No completion routines, but it is possible that the interrupt routine that
handles completed I/O could make additional requests, and often does, as this
is one part of the way we implement read-aheads.

>    It is possible to devise answers for all of these questions.
>And async I/O does exist in various operating systems so answers must
>have been devised.  However, after considering these questions I might
>conclude that async I/O would need to bring with it some very
>significant advantages to offset what appears to be a more complex model.

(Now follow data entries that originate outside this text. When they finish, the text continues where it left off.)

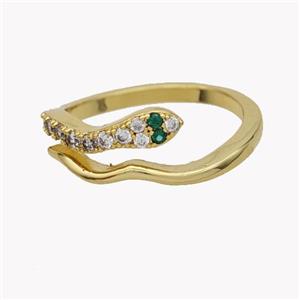 Copper Snake Rings Pave Zirconia Gold Plated, approx 4mm, 18mm dia [FN49593]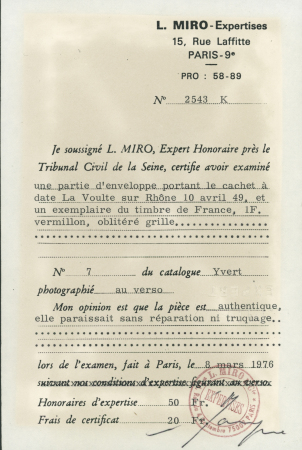 N° 7 1f vermillon, touché, obl. grille sur lettre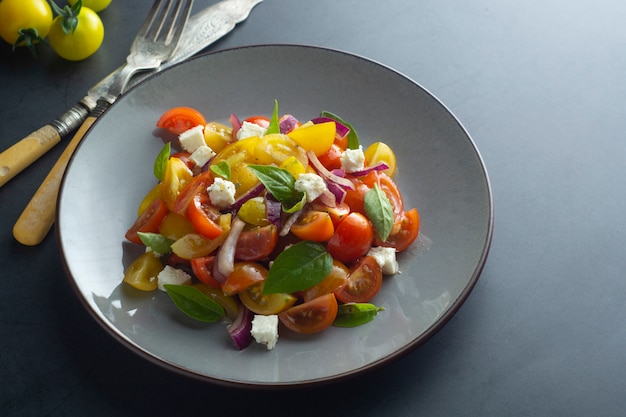 Kleurrijke kersentomaten en basilicumsalade in een plaat. Gezond, zomers eten.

Our more limited model does not seem to impose significant disadvantages, or
unduly burden the system, in my view.  But, I am the last source keeper, not
the original designer, and though I have talked with him often, I do not know
all the historical reasons he may have had, behind all the different
features.  I know we use it in some tasks, for instance, process activation
from the image file on disk, is done using these async I/O (we call them
fastreads), some utilities and other application programs use it.  For
instance a BACKUP program, upon entering a new sub directory, will read the
directory in one sweep, generate open, and fast read requests for all the
files that match its file specifications, and then start backing up the first
file to tape.  By the time it gets to subsequent files, it is hoped that some
of them have already been read into memory buffers and can now also be backed
up to tape. It helps keep the tape at streaming speed, at any rate.